In order to launch Pod Security Policy, the following requirements must be met:

• Enable RBAC (Role-based Access Control) -  enabled by default from Kubernetes 1.6.
• Enable PSP (admission plugin) using the option --enable-admission-plugins=PodSecurityPolicy, which is added to start the parameters of the Kubernetes api-server.

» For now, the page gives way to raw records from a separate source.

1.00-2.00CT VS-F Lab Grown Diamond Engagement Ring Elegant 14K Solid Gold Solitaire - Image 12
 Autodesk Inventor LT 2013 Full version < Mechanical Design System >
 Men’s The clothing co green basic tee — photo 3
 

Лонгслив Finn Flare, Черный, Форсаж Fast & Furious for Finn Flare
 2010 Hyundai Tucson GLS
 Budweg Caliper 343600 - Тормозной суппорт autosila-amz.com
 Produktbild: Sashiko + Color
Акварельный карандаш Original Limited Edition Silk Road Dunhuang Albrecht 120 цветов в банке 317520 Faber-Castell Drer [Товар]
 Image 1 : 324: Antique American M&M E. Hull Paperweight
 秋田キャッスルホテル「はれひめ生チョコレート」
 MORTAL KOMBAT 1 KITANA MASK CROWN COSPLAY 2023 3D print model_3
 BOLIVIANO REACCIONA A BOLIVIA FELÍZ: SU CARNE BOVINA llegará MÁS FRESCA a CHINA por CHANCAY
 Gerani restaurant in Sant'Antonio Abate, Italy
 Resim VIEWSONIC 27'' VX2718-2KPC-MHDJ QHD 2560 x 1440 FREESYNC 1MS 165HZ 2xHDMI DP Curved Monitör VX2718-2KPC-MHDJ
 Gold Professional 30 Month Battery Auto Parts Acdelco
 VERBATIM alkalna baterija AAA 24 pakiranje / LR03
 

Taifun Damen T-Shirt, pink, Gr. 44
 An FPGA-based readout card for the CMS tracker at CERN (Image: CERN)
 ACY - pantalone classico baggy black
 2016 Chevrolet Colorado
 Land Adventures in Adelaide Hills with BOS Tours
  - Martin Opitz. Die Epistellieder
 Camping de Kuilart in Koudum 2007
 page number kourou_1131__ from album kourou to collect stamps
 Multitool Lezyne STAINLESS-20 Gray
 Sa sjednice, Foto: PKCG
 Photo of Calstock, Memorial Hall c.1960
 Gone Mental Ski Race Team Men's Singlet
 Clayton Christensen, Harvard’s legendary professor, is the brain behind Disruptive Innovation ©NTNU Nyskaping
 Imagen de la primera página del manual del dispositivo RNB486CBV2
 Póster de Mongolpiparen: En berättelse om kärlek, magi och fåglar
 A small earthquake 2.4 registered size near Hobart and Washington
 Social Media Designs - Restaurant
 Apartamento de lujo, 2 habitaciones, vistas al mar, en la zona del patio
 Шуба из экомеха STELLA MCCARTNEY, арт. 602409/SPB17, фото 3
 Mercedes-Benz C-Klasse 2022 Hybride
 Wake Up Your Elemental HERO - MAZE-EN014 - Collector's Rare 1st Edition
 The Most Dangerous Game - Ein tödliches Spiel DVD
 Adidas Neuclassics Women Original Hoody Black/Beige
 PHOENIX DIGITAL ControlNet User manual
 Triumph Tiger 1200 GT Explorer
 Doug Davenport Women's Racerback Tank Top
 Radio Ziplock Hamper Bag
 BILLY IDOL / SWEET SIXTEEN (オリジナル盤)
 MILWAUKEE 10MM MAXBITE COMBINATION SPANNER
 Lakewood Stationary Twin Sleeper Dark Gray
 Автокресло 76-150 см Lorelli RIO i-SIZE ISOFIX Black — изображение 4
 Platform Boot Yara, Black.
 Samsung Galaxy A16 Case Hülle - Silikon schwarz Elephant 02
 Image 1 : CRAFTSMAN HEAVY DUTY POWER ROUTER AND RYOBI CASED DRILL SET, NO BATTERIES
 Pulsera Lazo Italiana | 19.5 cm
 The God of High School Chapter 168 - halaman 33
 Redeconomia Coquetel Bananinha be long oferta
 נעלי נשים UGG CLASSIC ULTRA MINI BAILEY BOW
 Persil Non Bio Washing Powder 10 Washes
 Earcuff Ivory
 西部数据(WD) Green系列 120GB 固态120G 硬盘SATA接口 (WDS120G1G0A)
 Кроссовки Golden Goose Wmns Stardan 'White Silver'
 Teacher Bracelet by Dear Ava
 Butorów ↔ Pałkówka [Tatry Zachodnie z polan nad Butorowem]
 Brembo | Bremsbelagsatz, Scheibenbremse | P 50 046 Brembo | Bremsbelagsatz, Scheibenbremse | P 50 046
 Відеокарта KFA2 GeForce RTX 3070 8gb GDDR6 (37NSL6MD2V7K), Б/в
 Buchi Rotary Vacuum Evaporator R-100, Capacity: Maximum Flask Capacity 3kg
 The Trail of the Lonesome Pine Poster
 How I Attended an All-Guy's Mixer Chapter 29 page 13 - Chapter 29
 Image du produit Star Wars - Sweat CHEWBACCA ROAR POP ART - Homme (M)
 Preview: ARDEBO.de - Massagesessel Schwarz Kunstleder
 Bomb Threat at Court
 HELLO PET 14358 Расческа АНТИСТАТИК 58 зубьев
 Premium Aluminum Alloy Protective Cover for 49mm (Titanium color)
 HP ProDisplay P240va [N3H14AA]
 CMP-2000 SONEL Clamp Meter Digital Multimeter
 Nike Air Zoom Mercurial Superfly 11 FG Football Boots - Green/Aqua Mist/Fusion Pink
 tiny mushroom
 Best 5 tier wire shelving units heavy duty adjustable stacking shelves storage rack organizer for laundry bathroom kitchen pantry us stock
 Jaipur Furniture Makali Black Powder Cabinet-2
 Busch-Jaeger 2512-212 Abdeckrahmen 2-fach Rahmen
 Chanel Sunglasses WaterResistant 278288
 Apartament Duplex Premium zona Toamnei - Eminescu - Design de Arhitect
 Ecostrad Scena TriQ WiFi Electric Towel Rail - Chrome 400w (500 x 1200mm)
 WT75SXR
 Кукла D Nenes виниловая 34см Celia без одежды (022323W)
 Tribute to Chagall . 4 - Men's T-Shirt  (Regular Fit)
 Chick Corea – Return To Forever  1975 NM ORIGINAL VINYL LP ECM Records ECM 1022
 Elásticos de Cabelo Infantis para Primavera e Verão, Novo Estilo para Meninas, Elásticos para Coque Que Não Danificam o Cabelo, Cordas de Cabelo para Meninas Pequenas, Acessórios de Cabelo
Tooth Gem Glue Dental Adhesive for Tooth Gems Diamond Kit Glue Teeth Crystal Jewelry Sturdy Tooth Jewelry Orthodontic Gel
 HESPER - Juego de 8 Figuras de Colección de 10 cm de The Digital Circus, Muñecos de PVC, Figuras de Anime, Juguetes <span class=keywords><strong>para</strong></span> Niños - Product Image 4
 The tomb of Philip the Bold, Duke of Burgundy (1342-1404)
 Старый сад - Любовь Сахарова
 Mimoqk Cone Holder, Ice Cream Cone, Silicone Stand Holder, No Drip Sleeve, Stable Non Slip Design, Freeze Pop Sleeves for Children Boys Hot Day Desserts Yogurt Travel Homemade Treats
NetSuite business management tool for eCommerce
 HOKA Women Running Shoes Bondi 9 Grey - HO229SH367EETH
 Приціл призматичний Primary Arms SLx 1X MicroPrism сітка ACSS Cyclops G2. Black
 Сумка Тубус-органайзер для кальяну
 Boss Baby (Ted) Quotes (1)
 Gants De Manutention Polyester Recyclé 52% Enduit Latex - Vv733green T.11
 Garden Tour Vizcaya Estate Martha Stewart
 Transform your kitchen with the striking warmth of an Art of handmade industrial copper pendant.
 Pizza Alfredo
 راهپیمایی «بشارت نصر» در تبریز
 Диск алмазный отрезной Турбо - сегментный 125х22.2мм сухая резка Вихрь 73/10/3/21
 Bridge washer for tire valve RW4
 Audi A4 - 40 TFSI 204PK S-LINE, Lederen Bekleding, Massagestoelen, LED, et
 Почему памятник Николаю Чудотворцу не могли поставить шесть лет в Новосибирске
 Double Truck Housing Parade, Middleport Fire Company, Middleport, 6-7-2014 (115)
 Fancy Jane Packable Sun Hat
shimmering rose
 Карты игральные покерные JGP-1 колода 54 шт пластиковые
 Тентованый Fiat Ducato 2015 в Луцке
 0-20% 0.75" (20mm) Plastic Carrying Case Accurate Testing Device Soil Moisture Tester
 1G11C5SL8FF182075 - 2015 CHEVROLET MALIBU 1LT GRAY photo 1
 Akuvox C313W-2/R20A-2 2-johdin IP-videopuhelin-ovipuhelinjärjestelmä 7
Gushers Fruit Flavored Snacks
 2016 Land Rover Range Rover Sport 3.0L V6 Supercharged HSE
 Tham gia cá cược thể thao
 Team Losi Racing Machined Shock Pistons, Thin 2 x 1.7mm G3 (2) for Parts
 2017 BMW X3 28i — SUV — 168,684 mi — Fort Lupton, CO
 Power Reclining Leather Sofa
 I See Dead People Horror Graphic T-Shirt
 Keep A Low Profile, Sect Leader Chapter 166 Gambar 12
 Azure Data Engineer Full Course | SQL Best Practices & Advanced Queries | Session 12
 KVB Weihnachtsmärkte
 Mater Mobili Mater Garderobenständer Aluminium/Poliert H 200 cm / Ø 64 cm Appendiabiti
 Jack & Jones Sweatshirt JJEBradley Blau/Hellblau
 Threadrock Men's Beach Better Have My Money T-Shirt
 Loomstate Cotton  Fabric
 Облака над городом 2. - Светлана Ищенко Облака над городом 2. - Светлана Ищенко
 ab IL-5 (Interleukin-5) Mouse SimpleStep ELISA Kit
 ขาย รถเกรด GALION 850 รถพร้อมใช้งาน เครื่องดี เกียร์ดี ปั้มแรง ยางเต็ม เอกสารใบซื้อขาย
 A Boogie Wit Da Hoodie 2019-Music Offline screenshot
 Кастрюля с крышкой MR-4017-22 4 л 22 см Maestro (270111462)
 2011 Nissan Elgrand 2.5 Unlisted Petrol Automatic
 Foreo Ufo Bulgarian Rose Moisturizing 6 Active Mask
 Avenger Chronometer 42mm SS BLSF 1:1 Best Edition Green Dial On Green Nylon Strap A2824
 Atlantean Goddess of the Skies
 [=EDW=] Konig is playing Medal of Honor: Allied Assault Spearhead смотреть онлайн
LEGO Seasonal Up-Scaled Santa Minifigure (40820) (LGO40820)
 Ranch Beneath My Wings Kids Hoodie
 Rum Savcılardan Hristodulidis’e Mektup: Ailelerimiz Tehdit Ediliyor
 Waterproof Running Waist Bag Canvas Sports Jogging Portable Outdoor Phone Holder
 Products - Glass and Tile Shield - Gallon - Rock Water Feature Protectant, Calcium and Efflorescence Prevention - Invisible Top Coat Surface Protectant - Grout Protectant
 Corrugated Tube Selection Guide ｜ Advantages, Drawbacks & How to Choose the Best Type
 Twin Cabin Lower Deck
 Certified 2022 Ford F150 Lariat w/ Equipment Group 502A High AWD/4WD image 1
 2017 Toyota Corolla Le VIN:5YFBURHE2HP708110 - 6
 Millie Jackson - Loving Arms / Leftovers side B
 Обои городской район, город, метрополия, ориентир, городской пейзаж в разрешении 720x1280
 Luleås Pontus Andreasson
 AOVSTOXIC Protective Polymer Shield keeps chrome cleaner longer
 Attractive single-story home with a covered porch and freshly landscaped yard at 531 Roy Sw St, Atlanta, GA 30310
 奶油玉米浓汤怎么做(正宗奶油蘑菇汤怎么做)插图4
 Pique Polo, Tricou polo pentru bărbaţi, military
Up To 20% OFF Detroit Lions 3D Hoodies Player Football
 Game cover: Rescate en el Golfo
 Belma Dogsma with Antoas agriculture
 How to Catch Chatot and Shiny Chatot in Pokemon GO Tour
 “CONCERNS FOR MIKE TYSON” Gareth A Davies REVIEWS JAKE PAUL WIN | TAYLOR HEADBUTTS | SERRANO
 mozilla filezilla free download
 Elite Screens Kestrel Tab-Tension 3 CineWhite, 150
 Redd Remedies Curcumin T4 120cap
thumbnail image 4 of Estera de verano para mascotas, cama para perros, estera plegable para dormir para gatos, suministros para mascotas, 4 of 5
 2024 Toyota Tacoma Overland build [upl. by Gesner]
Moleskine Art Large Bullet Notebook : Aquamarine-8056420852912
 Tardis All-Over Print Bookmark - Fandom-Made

Pod Security Policy offers several parameters to be configured:

• privileged - defines if a container can be run as privileged, which effectively allows a container to access all devices on a host.
• hostPID, hostIPC - defines if a container can share the host process ID and interprocess communication namespaces.
• hostNetwork, hostPorts - determines if a pod can access a host network namespace and the ports allowed in that namespace.
• volumes - defines which type of volumes a pod can use.
• allowedHostPaths - allows which paths are allowed in hostPath volumes.
• allowedFlexVolumes - defines allowable types of flexVolumes.
• fsGroup - used to set the group that owns the pod volumes.
• readOnlyRootFilesystem - defines whether or not the root filesystem for a pod can be modified
• runAsUser, runAsGroup - limits the user IDs that are allowed and the primary group ID that can be used to launch a pod (the processes in a container)
• supplementalGroups - controls which supplemental group ID can be assigned to processes in a pod.
• allowPrivilegeEscalation - sets the possibility of privilege escalation for child processes in a pod (restrictions on setuid, eg.: su, sudo).
• defaultAddCapabilities, requiredDropCapabilities, allowedCapabilities - defines the allowable Linux capabilities (gaining additional privileges).
• seLinux - the container’s SELinux context.
• allowedProcMountTypes - defines which mount type can be used; it is read-only and masked by default.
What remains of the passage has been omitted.